THUDM / LVBench

LVBench: An Extreme Long Video Understanding Benchmark
https://lvbench.github.io
56 stars 1 forks source link

Evaluation details about Qwen2-VL-72B #7

Open lan-lw opened 1 week ago

lan-lw commented 1 week ago

Thank you for your interesting work!

For Qwen2-VL-72B model, are you using the whole video or just sample 48 frames per video? If you used the whole video, what's the fps?

huangshiyu13 commented 1 week ago

We use 48 frames for each video.

lan-lw commented 1 week ago

Thank you for your response.

Are you uniformly sampling 48 frames? I am wondering for tasks like temporal grounding, are 48 frames enough for precise localization.

huangshiyu13 commented 6 days ago

Thank you for your response.

Are you uniformly sampling 48 frames? I am wondering for tasks like temporal grounding, are 48 frames enough for precise localization.

Yes, we uniformly sample 48 frames. We used 48 frames because we found that the maximum number of frames we can input is only 48 frames, and exceeding 48 frames can easily cause memory explosion.

IssacCyj commented 6 days ago

Thank you for your response. Are you uniformly sampling 48 frames? I am wondering for tasks like temporal grounding, are 48 frames enough for precise localization.

Yes, we uniformly sample 48 frames.
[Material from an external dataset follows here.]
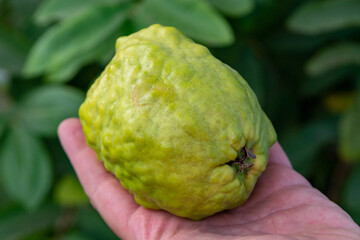 Ripe  aromatic fruits of apple guava plant ready to harvest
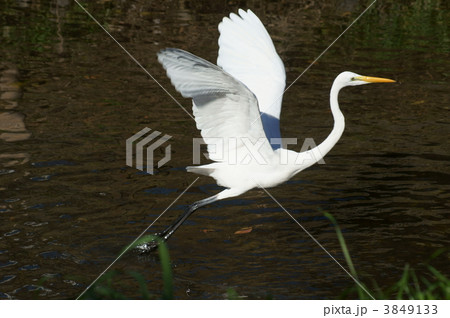 大鷺　飛立ち 3849133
We used 48 frames because we found that the maximum number of frames we can input is only 48 frames, and exceeding 48 frames can easily cause memory explosion.

Just double check, are you sampling 48 frames from the hour-long video or I misunderstood the answer. This mean you only use 1 frame at every 1-2 minutes video clip which sounds confusing to me, given that the temporal grounding task has second-level annotations.

huangshiyu13 commented 6 days ago

Thank you for your response. Are you uniformly sampling 48 frames? I am wondering for tasks like temporal grounding, are 48 frames enough for precise localization.

Yes, we uniformly sample 48 frames. We used 48 frames because we found that the maximum number of frames we can input is only 48 frames, and exceeding 48 frames can easily cause memory explosion.

Just double check, are you sampling 48 frames from the hour-long video or I misunderstood the answer. This mean you only use 1 frame at every 1-2 minutes video clip which sounds confusing to me, given that the temporal grounding task has second-level annotations.

Yes, the Qwen2-VL-72B model samples an average of 48 frames per video. The main reason for this is that we cannot feed more frames into the deployed model. You can submit the evaluation results to us if you can evaluate Qwen2-VL-72B using more frames. After reviewing, we can update the leaderboard with the new results.

IssacCyj commented 6 days ago

thanks for the quick response!